_TO DO_
Check each line of the data for "Regular" and select those that have it.

= Beginning of Section =

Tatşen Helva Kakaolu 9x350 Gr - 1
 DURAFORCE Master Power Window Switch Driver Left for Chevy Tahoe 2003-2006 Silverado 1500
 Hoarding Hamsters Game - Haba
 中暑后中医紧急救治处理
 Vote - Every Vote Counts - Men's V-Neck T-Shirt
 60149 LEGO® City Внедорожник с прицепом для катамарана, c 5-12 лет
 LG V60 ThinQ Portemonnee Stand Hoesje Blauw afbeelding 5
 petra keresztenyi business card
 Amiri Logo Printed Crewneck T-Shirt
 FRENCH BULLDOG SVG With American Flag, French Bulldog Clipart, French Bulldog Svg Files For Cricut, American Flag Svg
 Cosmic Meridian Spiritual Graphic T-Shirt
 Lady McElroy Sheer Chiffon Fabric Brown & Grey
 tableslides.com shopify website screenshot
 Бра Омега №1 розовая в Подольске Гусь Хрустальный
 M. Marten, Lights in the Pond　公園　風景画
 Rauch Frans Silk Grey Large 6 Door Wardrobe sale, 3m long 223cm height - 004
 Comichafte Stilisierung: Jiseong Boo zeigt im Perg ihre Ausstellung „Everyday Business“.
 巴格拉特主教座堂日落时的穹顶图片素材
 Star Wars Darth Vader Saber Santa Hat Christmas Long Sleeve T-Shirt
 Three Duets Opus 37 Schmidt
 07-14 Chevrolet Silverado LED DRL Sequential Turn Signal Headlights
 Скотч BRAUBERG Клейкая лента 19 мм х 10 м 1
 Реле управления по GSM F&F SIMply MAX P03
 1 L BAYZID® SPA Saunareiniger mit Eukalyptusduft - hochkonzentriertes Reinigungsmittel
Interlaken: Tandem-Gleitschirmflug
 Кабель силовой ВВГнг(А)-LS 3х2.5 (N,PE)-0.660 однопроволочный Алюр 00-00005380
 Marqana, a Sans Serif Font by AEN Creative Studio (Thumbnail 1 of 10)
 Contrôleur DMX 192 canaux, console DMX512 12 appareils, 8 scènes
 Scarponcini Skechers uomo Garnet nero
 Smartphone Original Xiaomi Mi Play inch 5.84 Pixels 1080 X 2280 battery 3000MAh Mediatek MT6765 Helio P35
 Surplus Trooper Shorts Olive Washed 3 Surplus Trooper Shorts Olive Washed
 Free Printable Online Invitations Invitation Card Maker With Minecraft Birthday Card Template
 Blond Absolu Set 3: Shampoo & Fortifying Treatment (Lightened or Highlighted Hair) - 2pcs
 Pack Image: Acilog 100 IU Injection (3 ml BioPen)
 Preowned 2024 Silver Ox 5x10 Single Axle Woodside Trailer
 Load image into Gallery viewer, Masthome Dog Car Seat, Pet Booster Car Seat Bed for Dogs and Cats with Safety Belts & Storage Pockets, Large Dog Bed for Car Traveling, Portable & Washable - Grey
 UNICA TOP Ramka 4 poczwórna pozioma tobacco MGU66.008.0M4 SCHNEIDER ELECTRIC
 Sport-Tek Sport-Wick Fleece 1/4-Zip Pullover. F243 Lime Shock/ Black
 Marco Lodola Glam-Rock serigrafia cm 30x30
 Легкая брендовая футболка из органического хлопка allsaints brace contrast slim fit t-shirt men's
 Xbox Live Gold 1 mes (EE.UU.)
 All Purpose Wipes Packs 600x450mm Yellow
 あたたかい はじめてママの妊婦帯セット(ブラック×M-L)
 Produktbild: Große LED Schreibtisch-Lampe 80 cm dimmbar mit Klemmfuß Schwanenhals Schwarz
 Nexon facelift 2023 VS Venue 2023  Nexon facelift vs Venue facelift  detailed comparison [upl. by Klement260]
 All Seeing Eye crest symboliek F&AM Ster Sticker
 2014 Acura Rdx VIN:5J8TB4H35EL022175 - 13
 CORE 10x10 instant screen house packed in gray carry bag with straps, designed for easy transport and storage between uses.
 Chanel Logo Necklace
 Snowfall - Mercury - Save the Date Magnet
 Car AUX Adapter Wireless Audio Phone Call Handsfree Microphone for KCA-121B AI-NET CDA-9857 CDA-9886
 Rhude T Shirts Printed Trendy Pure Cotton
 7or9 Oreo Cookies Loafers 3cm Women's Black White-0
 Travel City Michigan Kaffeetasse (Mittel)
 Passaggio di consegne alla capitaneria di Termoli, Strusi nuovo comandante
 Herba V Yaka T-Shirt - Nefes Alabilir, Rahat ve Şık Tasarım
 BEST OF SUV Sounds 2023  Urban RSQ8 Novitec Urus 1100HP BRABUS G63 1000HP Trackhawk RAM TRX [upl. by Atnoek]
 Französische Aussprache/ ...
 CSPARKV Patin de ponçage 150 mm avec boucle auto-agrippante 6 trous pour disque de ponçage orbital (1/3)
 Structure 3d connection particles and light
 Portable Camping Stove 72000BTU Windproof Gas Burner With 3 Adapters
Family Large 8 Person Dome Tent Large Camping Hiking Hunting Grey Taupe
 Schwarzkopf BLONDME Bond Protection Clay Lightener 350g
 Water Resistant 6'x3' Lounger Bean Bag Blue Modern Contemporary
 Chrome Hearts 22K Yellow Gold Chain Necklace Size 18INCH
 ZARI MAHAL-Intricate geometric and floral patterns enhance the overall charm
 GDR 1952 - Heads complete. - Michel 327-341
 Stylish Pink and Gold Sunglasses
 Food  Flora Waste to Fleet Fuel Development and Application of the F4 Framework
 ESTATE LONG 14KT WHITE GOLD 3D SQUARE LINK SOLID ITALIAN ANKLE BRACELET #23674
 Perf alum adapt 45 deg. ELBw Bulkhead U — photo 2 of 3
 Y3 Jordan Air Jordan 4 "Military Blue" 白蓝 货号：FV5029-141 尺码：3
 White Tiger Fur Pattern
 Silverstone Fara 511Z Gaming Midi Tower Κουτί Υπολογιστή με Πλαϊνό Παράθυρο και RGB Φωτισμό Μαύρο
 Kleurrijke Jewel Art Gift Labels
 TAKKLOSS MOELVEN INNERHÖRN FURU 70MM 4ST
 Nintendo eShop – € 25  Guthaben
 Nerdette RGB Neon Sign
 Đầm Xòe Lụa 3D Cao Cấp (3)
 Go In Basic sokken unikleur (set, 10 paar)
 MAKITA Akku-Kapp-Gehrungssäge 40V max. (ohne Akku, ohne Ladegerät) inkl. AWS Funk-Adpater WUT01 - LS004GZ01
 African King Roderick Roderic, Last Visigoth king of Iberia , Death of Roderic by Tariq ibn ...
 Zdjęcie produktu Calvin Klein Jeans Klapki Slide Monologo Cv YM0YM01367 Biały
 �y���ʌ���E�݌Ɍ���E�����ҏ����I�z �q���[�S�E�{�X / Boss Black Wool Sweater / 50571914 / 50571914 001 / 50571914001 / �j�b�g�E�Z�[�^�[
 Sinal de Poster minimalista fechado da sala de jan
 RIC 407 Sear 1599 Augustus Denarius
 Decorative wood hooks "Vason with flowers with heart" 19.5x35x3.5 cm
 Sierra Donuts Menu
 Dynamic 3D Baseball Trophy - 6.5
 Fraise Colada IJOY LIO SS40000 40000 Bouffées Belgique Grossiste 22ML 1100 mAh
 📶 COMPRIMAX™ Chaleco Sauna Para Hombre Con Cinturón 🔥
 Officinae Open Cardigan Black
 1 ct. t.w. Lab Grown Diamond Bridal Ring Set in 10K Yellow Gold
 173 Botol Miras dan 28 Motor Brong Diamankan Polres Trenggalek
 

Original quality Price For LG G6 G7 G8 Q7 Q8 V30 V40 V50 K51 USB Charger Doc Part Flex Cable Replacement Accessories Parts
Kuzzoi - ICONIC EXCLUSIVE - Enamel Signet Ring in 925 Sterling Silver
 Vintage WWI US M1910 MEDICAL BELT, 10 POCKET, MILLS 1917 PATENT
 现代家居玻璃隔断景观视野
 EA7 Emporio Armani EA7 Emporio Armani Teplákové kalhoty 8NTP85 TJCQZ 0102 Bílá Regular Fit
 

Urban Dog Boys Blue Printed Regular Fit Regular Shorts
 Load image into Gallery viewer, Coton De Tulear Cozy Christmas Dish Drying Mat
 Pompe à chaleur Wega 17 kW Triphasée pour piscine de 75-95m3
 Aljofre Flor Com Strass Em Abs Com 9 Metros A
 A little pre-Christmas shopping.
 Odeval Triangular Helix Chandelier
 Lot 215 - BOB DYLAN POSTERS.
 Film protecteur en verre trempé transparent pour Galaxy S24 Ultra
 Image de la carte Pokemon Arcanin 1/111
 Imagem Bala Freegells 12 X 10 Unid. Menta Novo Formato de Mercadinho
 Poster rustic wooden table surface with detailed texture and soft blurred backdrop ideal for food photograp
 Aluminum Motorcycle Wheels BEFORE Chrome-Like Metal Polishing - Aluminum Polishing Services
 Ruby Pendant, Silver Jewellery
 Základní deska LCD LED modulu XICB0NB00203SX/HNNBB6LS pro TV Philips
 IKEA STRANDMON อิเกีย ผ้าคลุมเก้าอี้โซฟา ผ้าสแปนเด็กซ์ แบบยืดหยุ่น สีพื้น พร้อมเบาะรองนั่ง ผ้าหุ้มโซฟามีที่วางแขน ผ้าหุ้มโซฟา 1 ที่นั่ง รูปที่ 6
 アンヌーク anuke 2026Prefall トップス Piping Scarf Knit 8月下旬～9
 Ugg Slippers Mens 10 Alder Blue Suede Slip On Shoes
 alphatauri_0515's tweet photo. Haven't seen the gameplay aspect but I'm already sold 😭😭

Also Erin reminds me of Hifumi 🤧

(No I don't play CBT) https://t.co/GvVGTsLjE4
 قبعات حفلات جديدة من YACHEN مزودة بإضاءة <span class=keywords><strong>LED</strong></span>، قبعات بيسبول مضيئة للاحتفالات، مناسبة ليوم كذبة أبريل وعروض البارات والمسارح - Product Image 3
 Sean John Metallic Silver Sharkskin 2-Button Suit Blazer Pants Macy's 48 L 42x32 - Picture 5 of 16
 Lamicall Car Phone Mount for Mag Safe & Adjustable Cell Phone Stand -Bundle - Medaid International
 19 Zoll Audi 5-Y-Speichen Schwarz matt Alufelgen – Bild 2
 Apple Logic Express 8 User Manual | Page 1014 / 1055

= End of Section =

_SOLUTION BELOW_
 EA7 Emporio Armani EA7 Emporio Armani Teplákové kalhoty 8NTP85 TJCQZ 0102 Bílá Regular Fit
Urban Dog Boys Blue Printed Regular Fit Regular Shorts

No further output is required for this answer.